It took me a while to understand the design requirement and how various components worked. The main component is the fluid selector valve, which selects a specific type of fluid from several input fluid streams. The valve has a number of control wires which are normally pulled high. To set a specific position, you basically use open-collectors (one for each wire) to pull a subset of the wires to ground. This is pretty easy to achieve using OpenSprinkler — there are 8 stations on the main controller, each station is a open-collector that controls on wire. By activating a subset of stations, it sets the selector valve to a specific position.
The project also calls for two solid state relays (SSRs) to control 110V pumps.
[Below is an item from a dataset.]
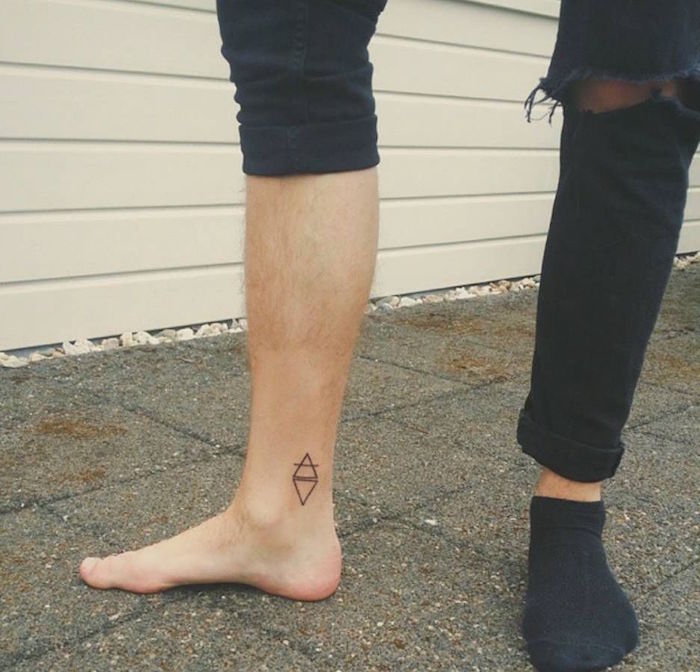 mini tatouage homme simple discret triangles forme géométrique minimaliste sur la cheville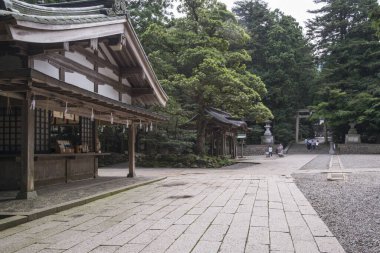 Antik Japon tapınağının manzaralı görüntüsü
The SSR works with logic level signals, so I used two digital pins to interface with them. Next, there are two 12V linear actuators, and a 12V air valve. Because we don’t want to involve too many different power supplies, we decided to go with a single 12V power supply, which powers the OpenSprinkler, linear actuators and the air valve. OpenSprinkler already has a switching regulator inside that can work with 12V, so that’s not a problem. I then used the built-in relay on OpenSprinkler to switch the air valve. To control the linear actuators, I needed two high-power H-bridges. The way linear actuators work is that they each have two wires — apply positive 12V on the two wires, the actuator will start to extend; reverse the polarity, the actuator will retract. This is similar to how a motor works, and it’s typically done through an H-bridge. Because the linear actuator can draw up to several amps of current, I decided to use a 4-channel relay board (instead of MOSFETs) to implement two H-bridges. So four additional digital pins are used to toggle the 4 relays.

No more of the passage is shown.